--- Records shown ---

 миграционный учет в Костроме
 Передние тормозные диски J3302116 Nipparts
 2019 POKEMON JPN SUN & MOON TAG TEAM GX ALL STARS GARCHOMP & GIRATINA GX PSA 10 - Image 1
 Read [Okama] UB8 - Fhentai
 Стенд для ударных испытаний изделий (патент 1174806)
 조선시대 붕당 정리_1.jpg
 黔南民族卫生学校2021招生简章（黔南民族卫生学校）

---
--- Records shown ---

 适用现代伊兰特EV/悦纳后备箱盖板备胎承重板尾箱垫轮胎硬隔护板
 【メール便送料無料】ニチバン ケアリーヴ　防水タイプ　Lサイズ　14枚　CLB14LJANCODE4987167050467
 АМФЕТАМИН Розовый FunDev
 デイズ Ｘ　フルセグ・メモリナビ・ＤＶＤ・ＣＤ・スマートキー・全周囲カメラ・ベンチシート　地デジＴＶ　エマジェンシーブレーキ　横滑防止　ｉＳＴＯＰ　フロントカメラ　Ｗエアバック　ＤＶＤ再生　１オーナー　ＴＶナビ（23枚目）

---
--- Records shown ---

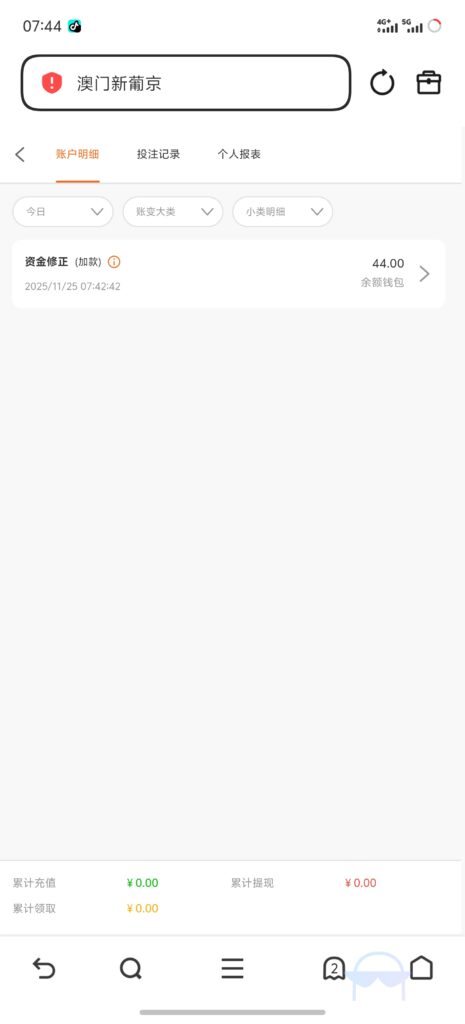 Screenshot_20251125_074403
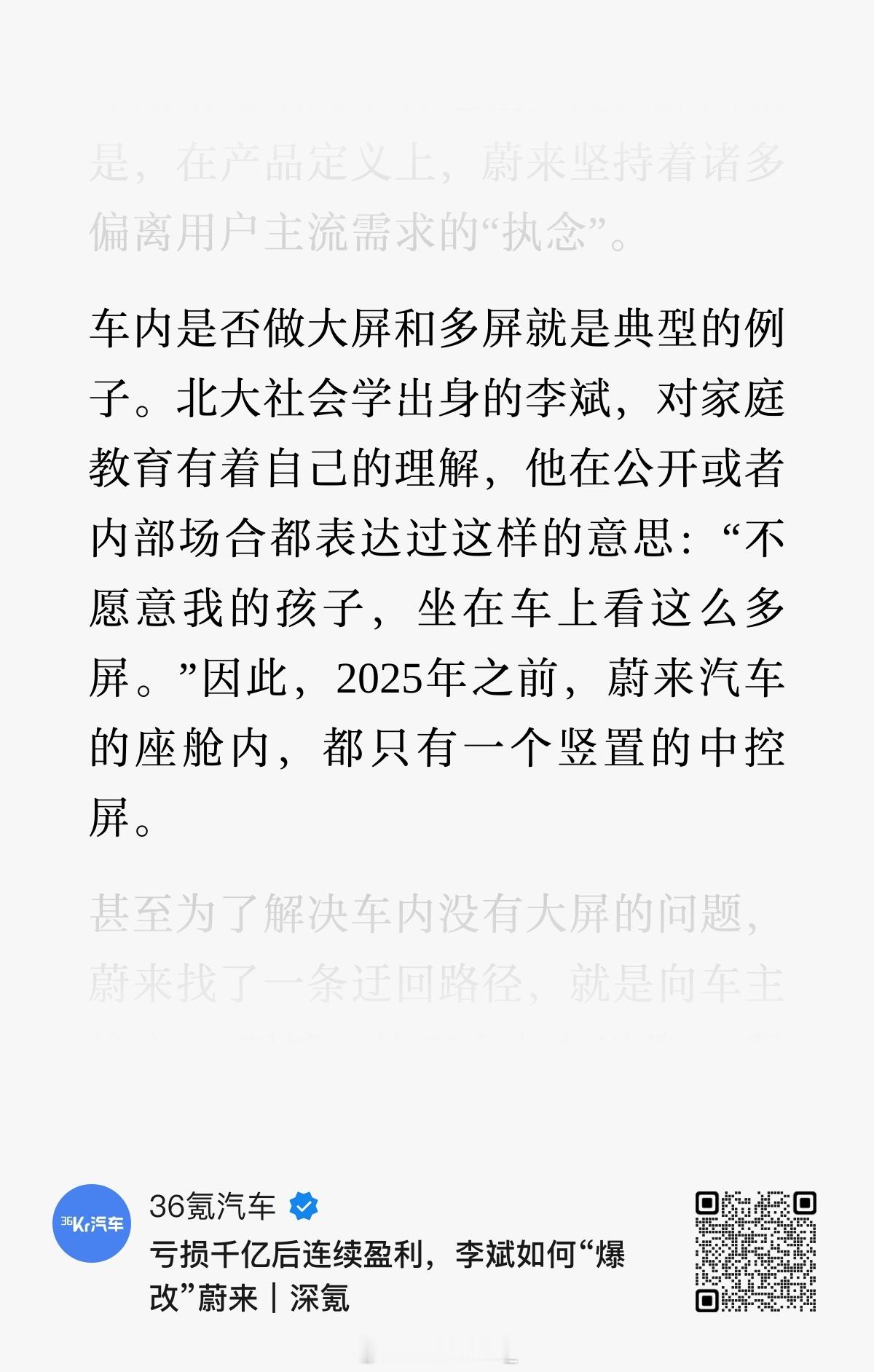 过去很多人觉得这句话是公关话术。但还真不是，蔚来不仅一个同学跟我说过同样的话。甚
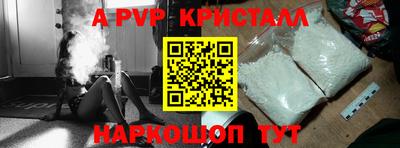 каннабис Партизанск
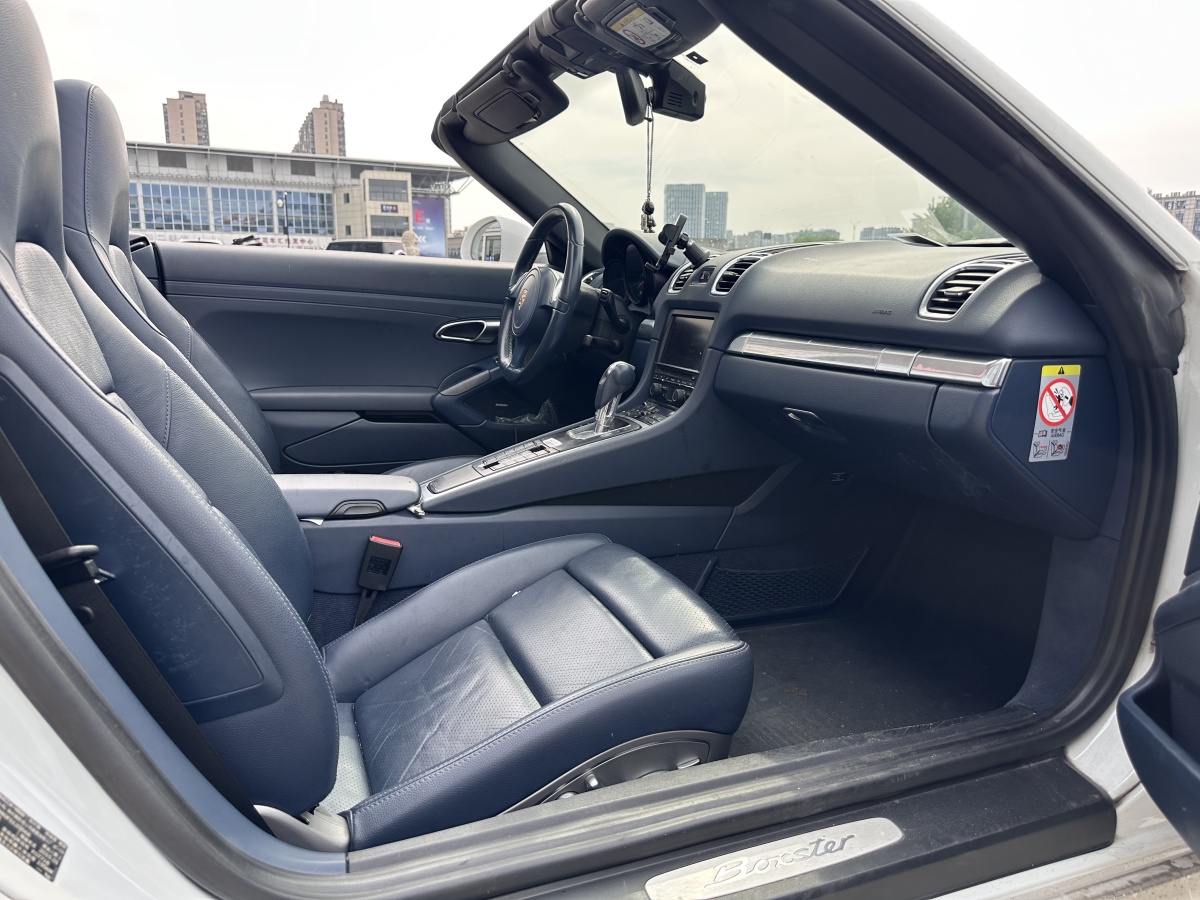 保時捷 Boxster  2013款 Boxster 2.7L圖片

---

— Your instructions —
Copy the stretch of the records above that runs from the line with "миграционный учет в Костроме" through the line with "조선시대 붕당 정리_1.jpg". Both end lines belong in the copy, and nothing else does.

— Response to this task —
 миграционный учет в Костроме
 Передние тормозные диски J3302116 Nipparts
 2019 POKEMON JPN SUN & MOON TAG TEAM GX ALL STARS GARCHOMP & GIRATINA GX PSA 10 - Image 1
 Read [Okama] UB8 - Fhentai
 Стенд для ударных испытаний изделий (патент 1174806)
 조선시대 붕당 정리_1.jpg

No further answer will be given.